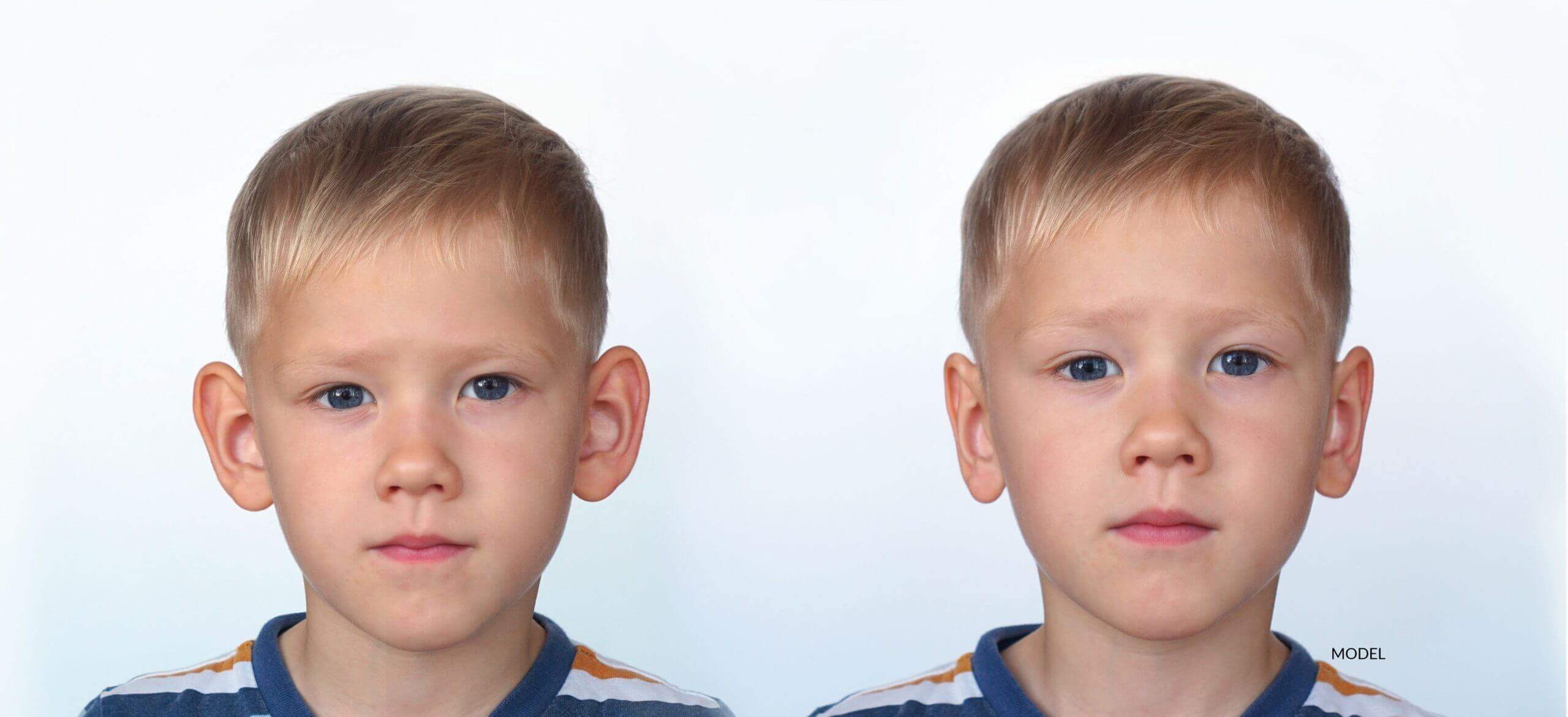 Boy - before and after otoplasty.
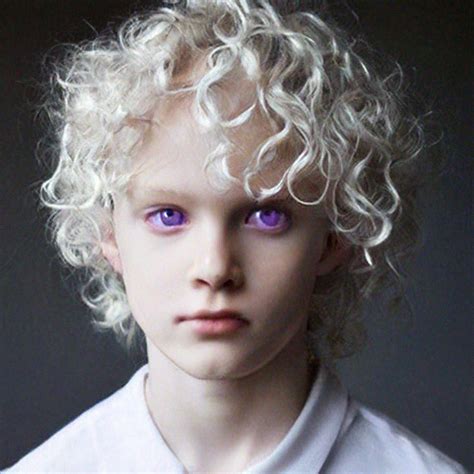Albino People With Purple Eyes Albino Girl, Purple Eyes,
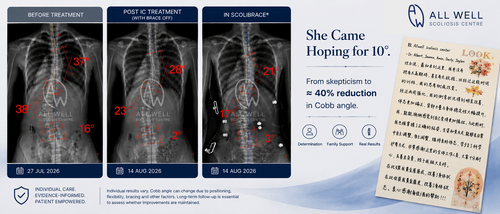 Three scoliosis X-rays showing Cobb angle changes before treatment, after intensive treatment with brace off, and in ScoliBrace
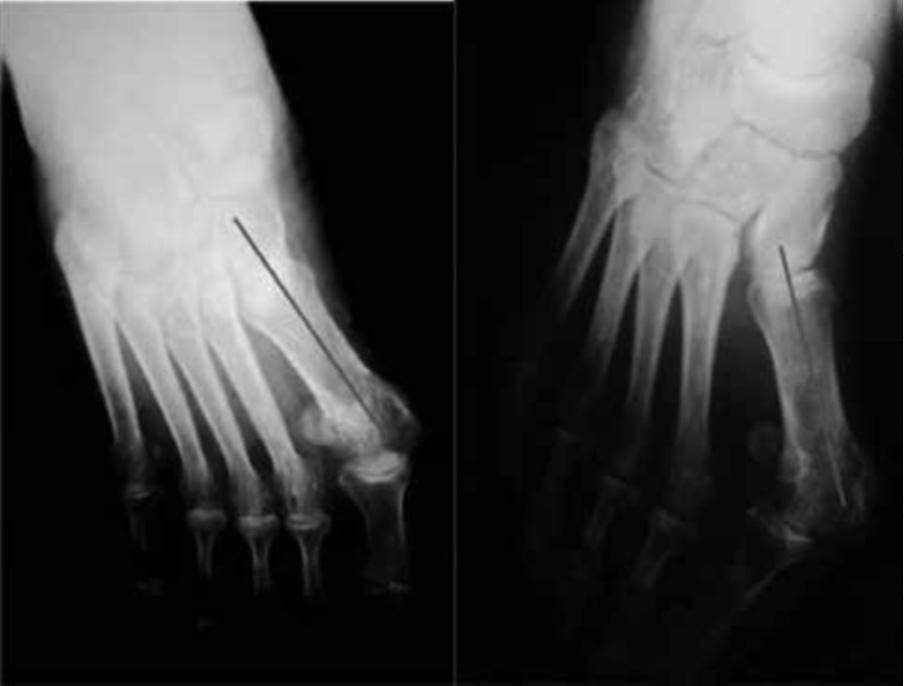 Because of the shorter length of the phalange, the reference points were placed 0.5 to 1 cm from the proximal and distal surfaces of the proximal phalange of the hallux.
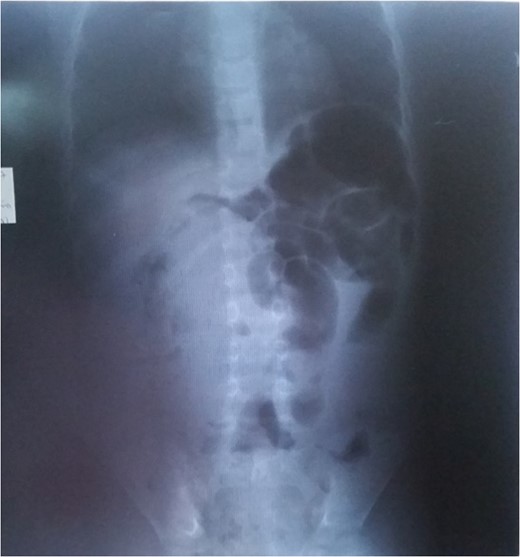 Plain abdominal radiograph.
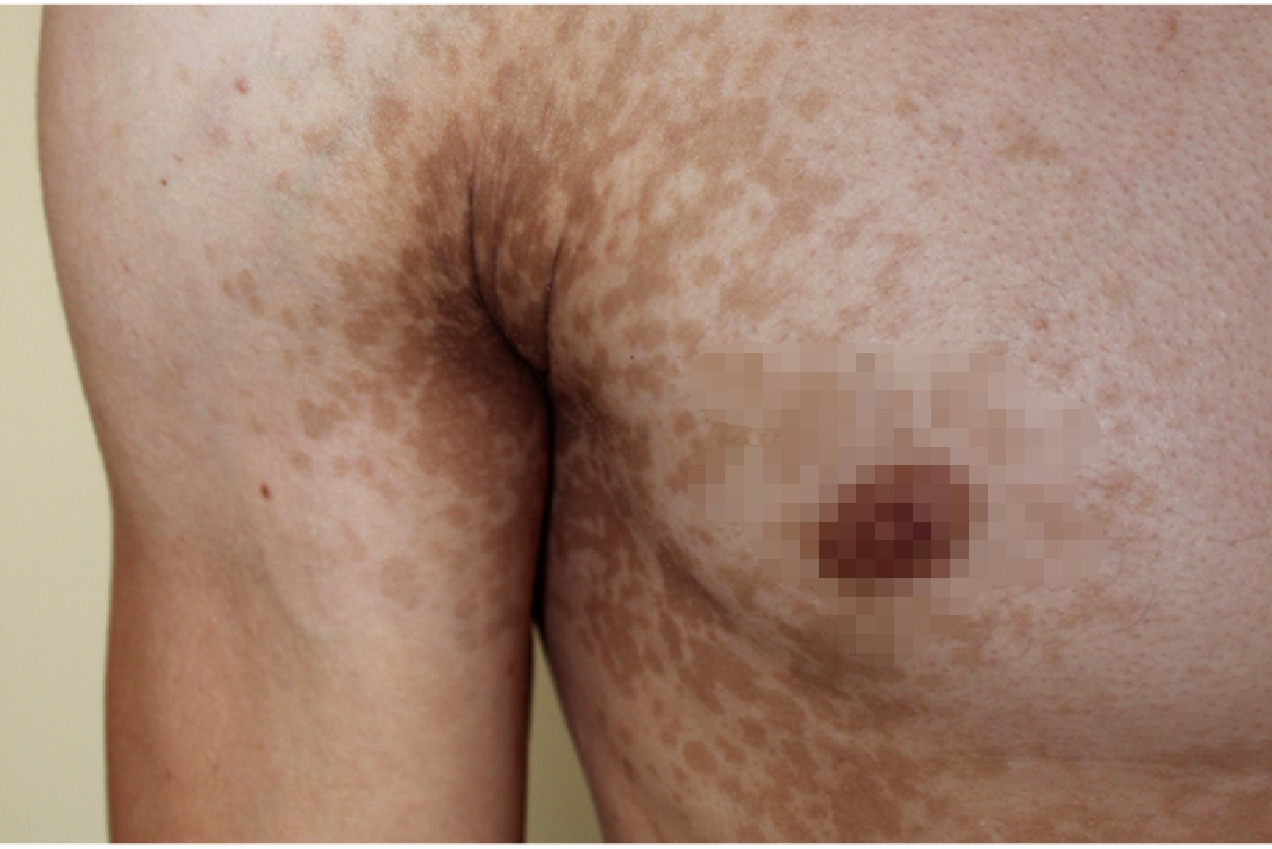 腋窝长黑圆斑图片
* * *
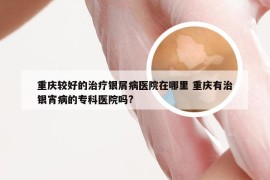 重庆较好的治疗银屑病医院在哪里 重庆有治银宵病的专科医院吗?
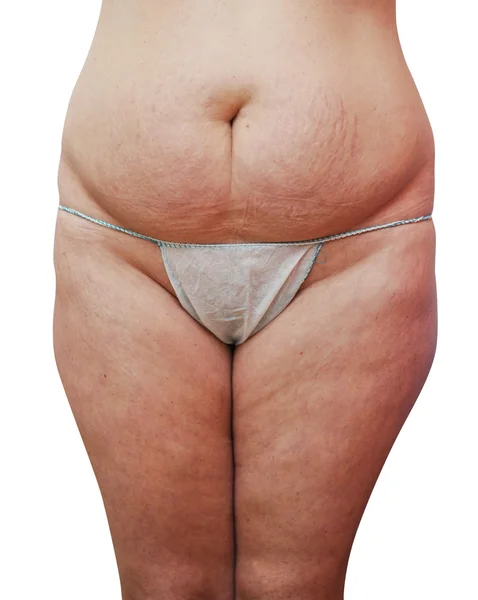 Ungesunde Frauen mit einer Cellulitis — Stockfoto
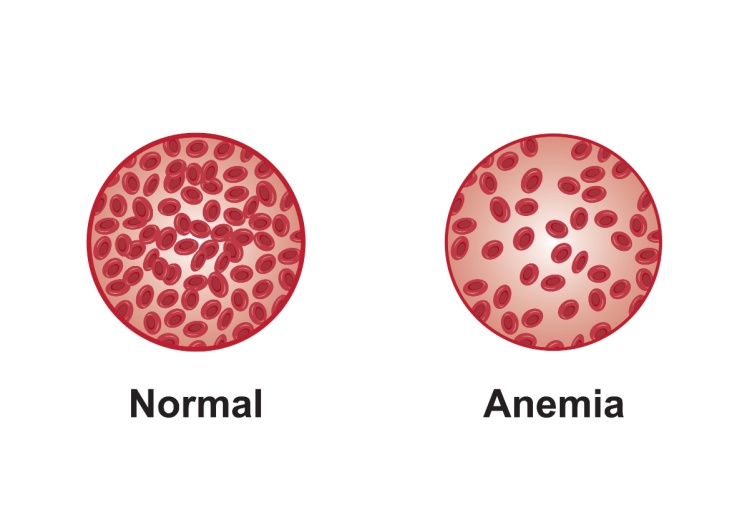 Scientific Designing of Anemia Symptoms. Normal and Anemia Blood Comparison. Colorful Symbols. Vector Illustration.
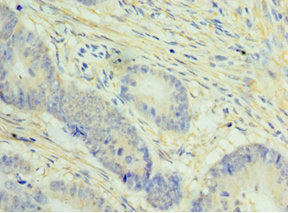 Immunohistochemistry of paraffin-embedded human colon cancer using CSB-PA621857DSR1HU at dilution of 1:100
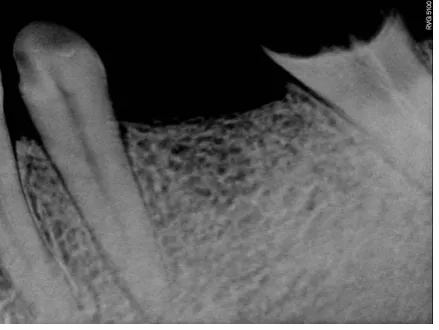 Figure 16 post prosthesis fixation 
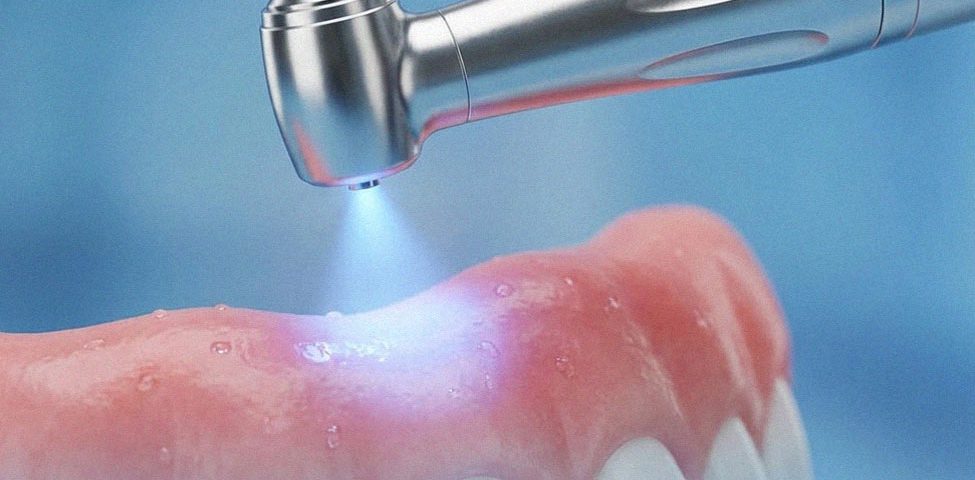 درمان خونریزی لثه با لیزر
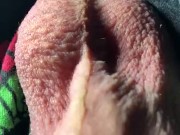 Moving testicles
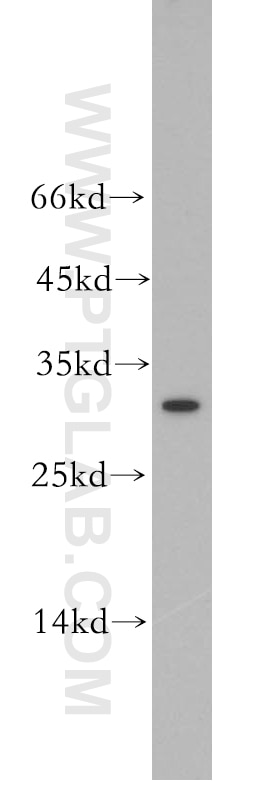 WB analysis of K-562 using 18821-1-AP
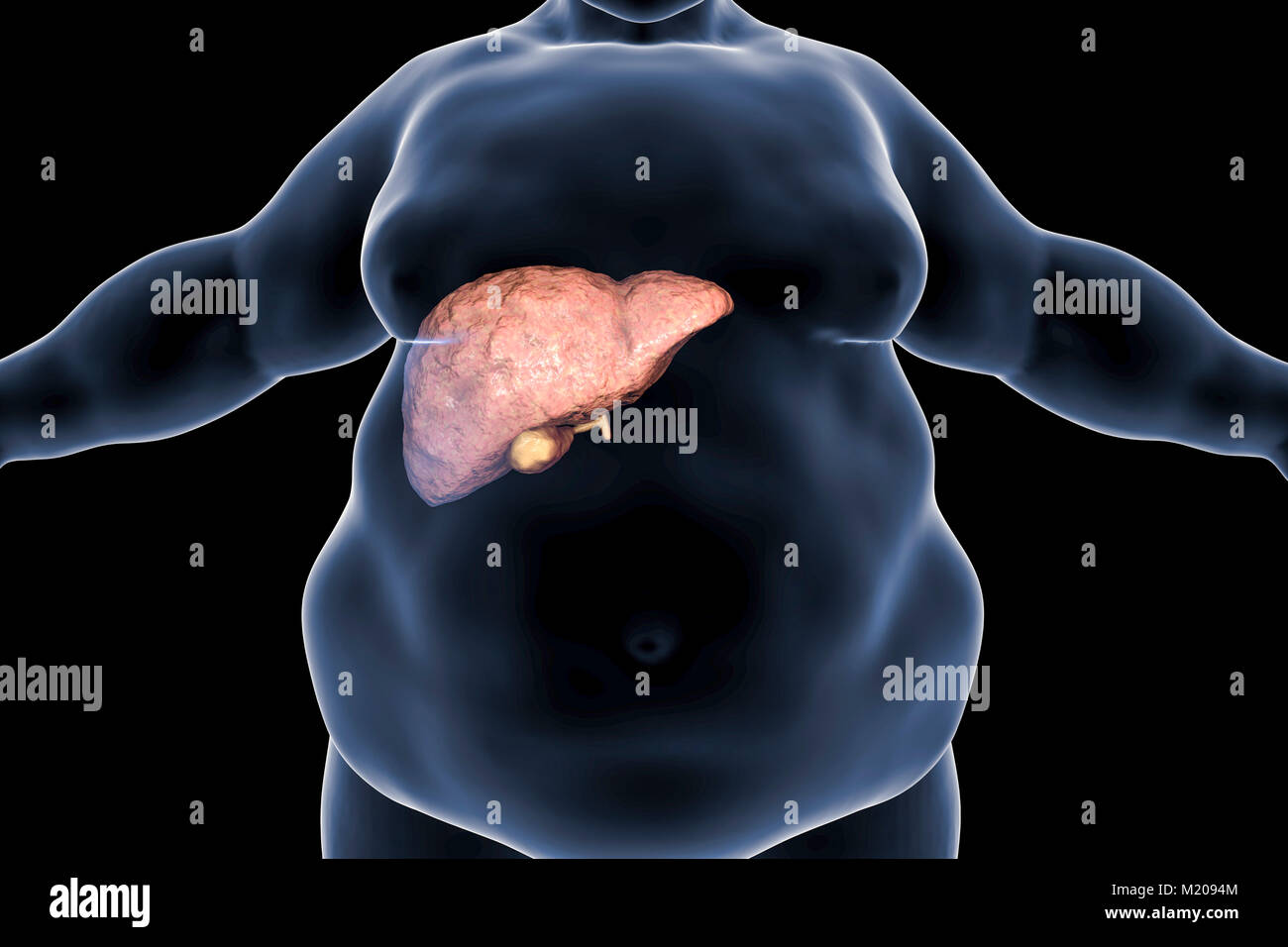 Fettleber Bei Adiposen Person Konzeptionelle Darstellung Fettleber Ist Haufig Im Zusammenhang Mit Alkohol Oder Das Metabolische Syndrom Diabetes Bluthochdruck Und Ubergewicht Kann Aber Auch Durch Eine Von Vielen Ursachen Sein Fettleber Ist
* * *
**Aim of the exercise**
Starting at the line containing "WB analysis of K-562 using 18821-1-AP" and finishing at the line containing "Fettleber Bei Adiposen", return those lines exactly as they appear above, without the pictures.

**Task response**
 WB analysis of K-562 using 18821-1-AP
 Fettleber Bei Adiposen Person Konzeptionelle Darstellung Fettleber Ist Haufig Im Zusammenhang Mit Alkohol Oder Das Metabolische Syndrom Diabetes Bluthochdruck Und Ubergewicht Kann Aber Auch Durch Eine Von Vielen Ursachen Sein Fettleber Ist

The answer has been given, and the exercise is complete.